In 2015, the Truth and Reconciliation Commission made public its final report on the history and legacy of Canada’s residential school system. There were 94 Calls to Action. Call to Action #80 called upon the Federal Government to establish a statutory holiday, A National Day for Truth and Reconciliation. In consultation with Canada’s indigenous people, September 30 was declared to be that day.
This Thursday will be the first National Day for Truth and Reconciliation. The day honours the lost children and survivors of residential schools, their families and communities. Public commemoration of the tragic and painful history and ongoing impacts of residential schools is a vital component of the reconciliation process.
Wildsight Golden is taking the day to honour our First Peoples and the truth of this horrendous history. We are encouraging all to reflect and deepen their understanding of the lasting legacies of residential schools on survivors, their families and the families of missing children.
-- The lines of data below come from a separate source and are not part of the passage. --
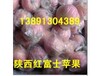 陕西大荔膜袋红富士苹果产地种植批发开始采摘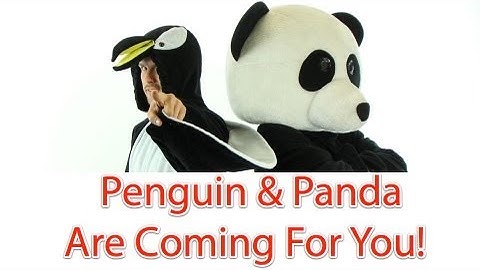 How To Recover From Google Panda And Penguin Updates
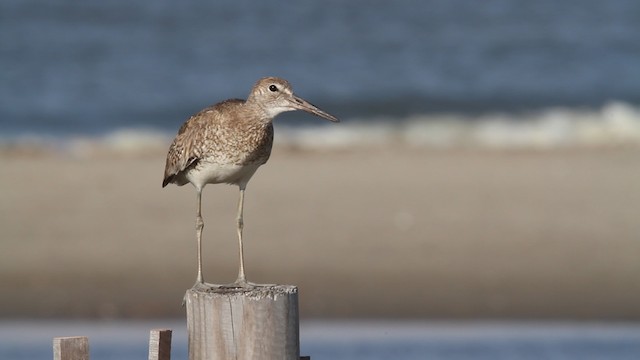 Willet - ML478565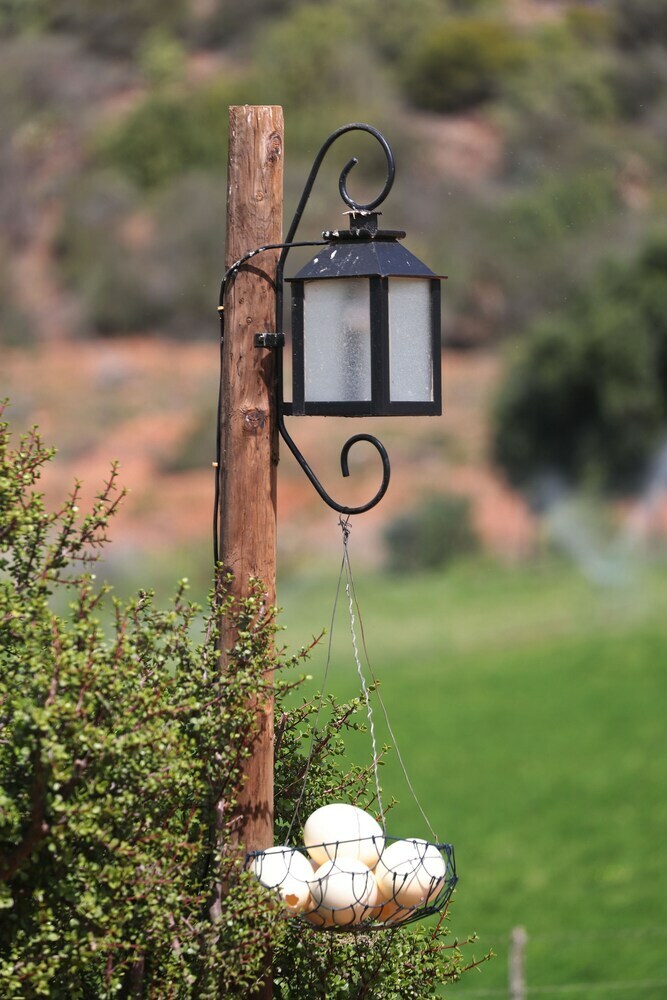 Agroturismo Berluda Farmhouse & Cottages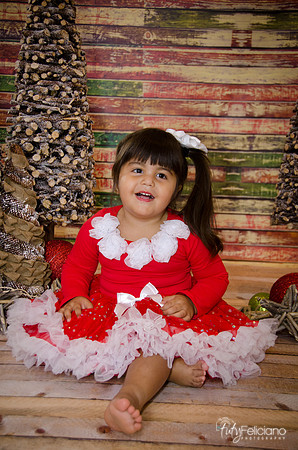 Navidad 2014-1652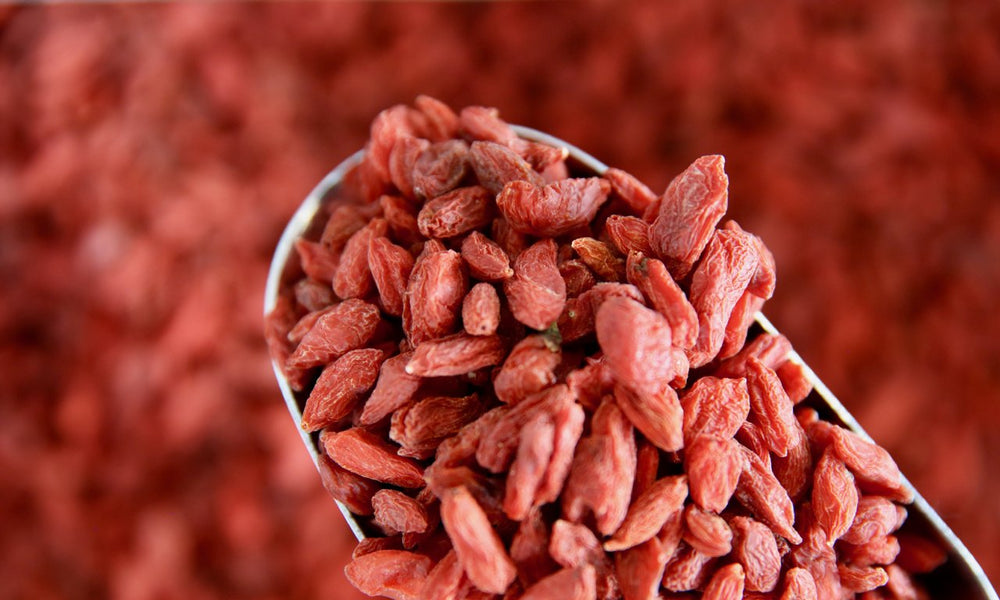 Organic Goji Berries - Refill Nation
Indigenous communities have a close relationship with the environment and their historical knowledge must be at the centre of the climate action discussion.
“Many of the richest biodiverse regions are protected largely in part because of the resistance by Indigenous communities to those regions,” says Eriel Deranger, executive director of Indigenous Climate Action.
Indigenous people have a historical, spiritual and social relationship with the land and their science is key to understanding our connections to the land. Without including Indigenous science and leadership to combat our current climate crisis, we are lost.
“Indigenous peoples are repositories of learning and knowledge about how to cope successfully with local-level climate change and respond effectively to major environmental changes such as natural disasters,” says Myrna Cunningham Kain, chair of the Pawanka Fund.
Honouring Canada’s First Peoples, listening to their stories and working on reconciling the major trauma that colonization has had on their culture and knowledge is critical for reconciliation. Reconciliation is defined as: “the restoration of friendly relations” (Oxford dictionary) and reconciliation must happen so that we can work together to save our planet.